▸ What you have to do
With the images excluded, set down every line of the listing below exactly.

▸ Dataset content
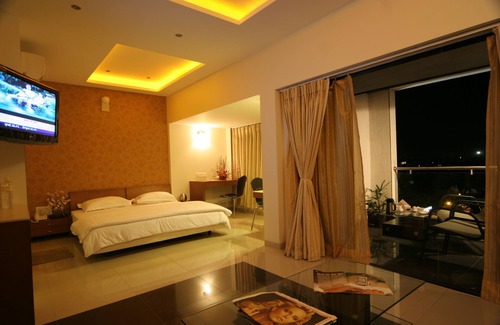 Vadodara Hotel | Pride Biznotel Alkapuri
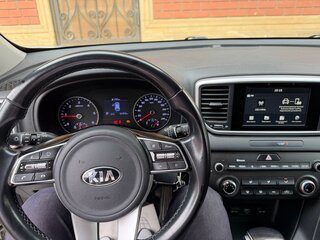 2019 Kia Sportage IV Рестайлинг, серебристый, 1900000 рублей, вид 5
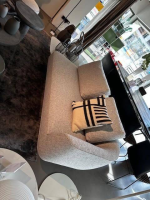 Wittmann - Sofa Andes Stoff G Fynn Grigio Grau Füße Messing Satin Matt Ablage Marmor Carrara White Weiß Mit Rückenkissen - 3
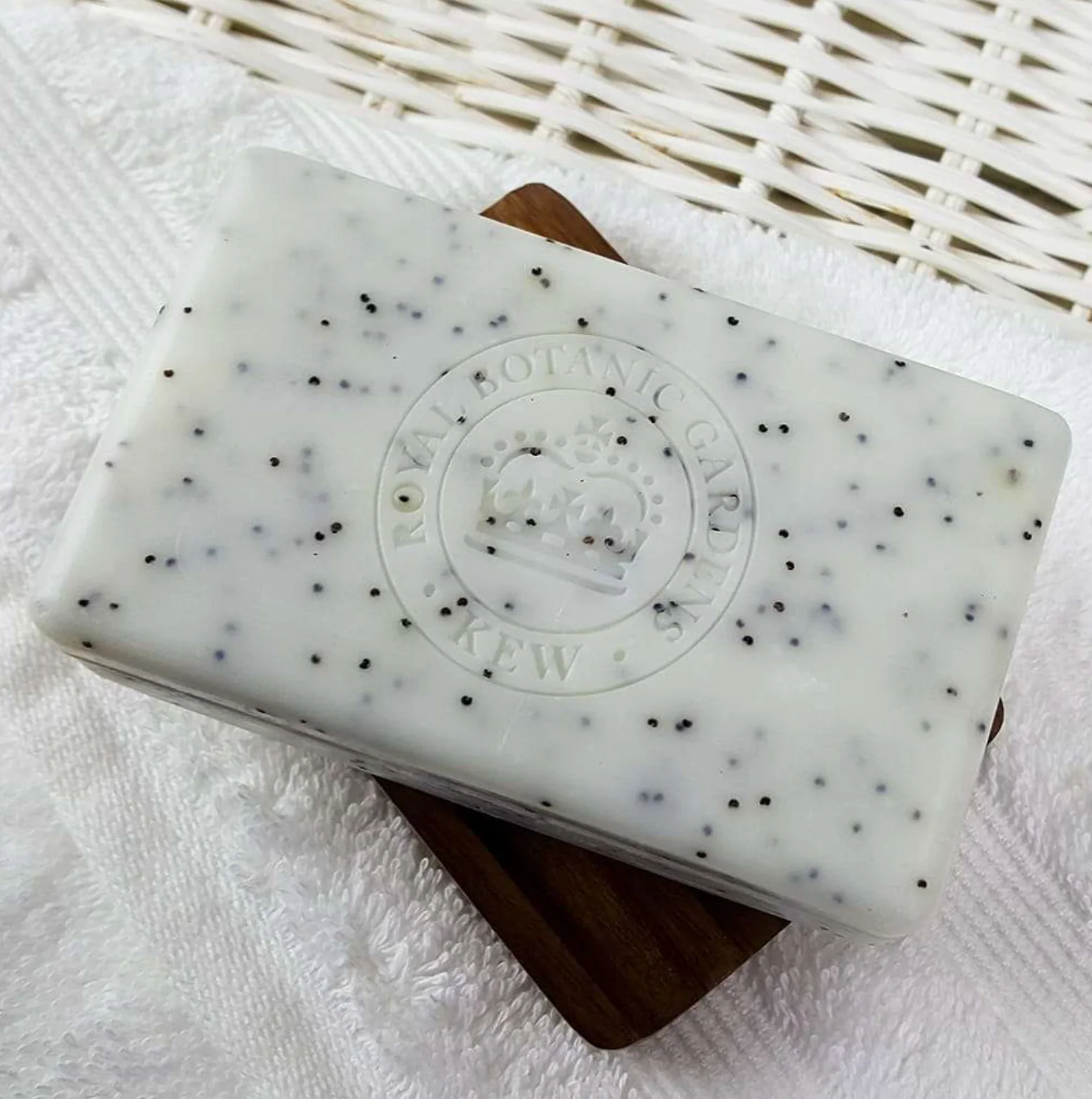The English Soap Company Kew Gardens, Lemongrass And Lime Soap - Image 6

▸ Solved exercise
 Vadodara Hotel | Pride Biznotel Alkapuri
 2019 Kia Sportage IV Рестайлинг, серебристый, 1900000 рублей, вид 5
 Wittmann - Sofa Andes Stoff G Fynn Grigio Grau Füße Messing Satin Matt Ablage Marmor Carrara White Weiß Mit Rückenkissen - 3
The English Soap Company Kew Gardens, Lemongrass And Lime Soap - Image 6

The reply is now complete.